Rutledge filed last week for re-election to the post she won in 2014. Lee suggested he would be more aggressive on the environmental front than Rutledge, who has sided often against Environmental Protection Agency rules and regulations during the Obama administration.
“As attorney general, I will restore the dignity of the office and put nearly forty years of legal experience to work for Arkansas families. I will fight the special interests, big businesses, and elite campaign donors who pollute our air, poison our drinking water, pilfer our natural resources, and hold our elections hostage with ‘dark money,’” Lee said. “I have the right experience to serve as attorney general and get results for all Arkansans.”
Rutledge responded to Lee’s entry in the race:
“I’m proud of my record as Attorney General, protecting Arkansans from criminals, con artists and an overreaching federal government, and I look forward to sharing these accomplishments and my vision throughout this campaign,” Rutledge said. “I will continue creating opportunities for job growth by taking regulatory burdens off the backs of our job creators and aggressively attacking the opioid epidemic that is hitting every family and community without regard to gender, race, neighborhood, education or income.

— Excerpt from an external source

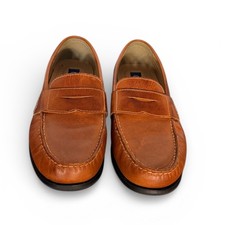 Chaps Mens Brown Leather Penny Loafers Size 10.5 M Slip On Casual Dress Shoes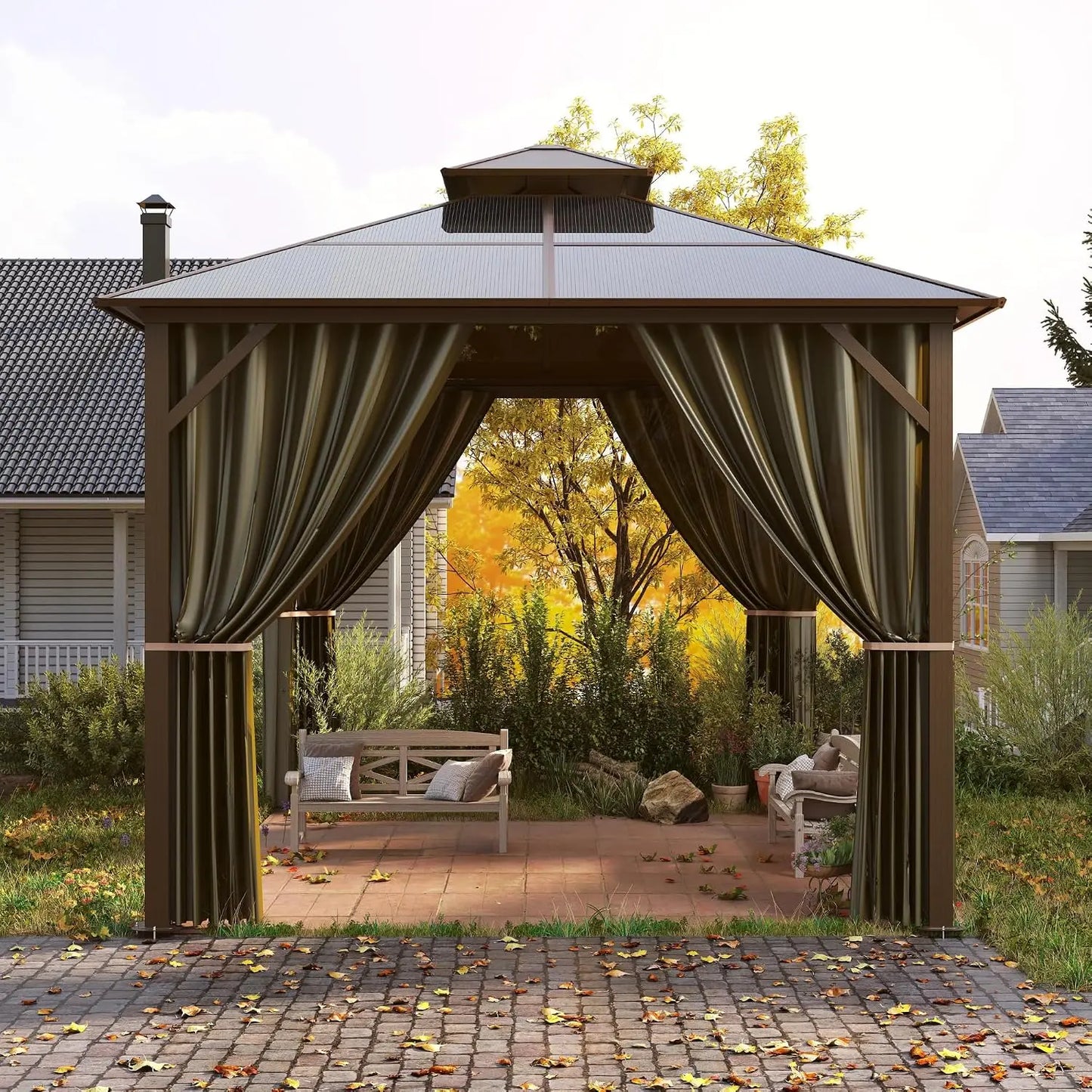 Hardtop Gazebo 10x12 With Double Poly Roof Aluminum Frame Kit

The people of Arkansas know that the right experience matters, and I am honored by the outpouring of support I’ve received from across the state for my re-election as Arkansas’s chief law enforcement officer. As I’ve proven every day, no one will outwork me on behalf of Arkansans.”
In another development, Arkansas Court of Appeals Judge Kenneth Hixson filed Wednesday as a candidate for the Arkansas Supreme Court. The seat is currently held by Justice Courtney Goodson, who is seeking re-election to an eight-year term. Attorney David Sterling, a 2014 GOP candidate for Attorney General, has also filed for the Supreme Court seat.
The race is non-partisan and the primary will be held in conjunction with party primaries on May 22, 2018. If the three-way race does not present a majority vote winner in May, the run-off for the judicial post will be held on the same day as the general election on November 6, 2018.
Hixson grew up in Paris, Arkansas and is a University of Central Arkansas graduate and holds a J.D. from the University of Arkansas in Fayetteville.
He was employed in private practice from 1982 to 1994 in the law firm of Jones & Hixson in Fayetteville. In 1994 he joined P.A.M. Transportation Services, Inc. as its general counsel. In 2004, he reopened his private practice where he remained until he was elected to the Arkansas Court of Appeals in 2012.
Hixson currently resides in Fayetteville with his wife. They have two children.
“It is an honor to file as a candidate for Supreme Court. Between growing up working in the coal mines of Logan County and owning a small business, I understand the importance of fairness and the value of hard work,“ Hixson said. “What sets me apart in this race is my experience working with Arkansans from a diverse set of backgrounds during my time in private law practice, as general counsel for one of the largest trucking companies in Arkansas, and as a judge on the Arkansas Court of Appeals.”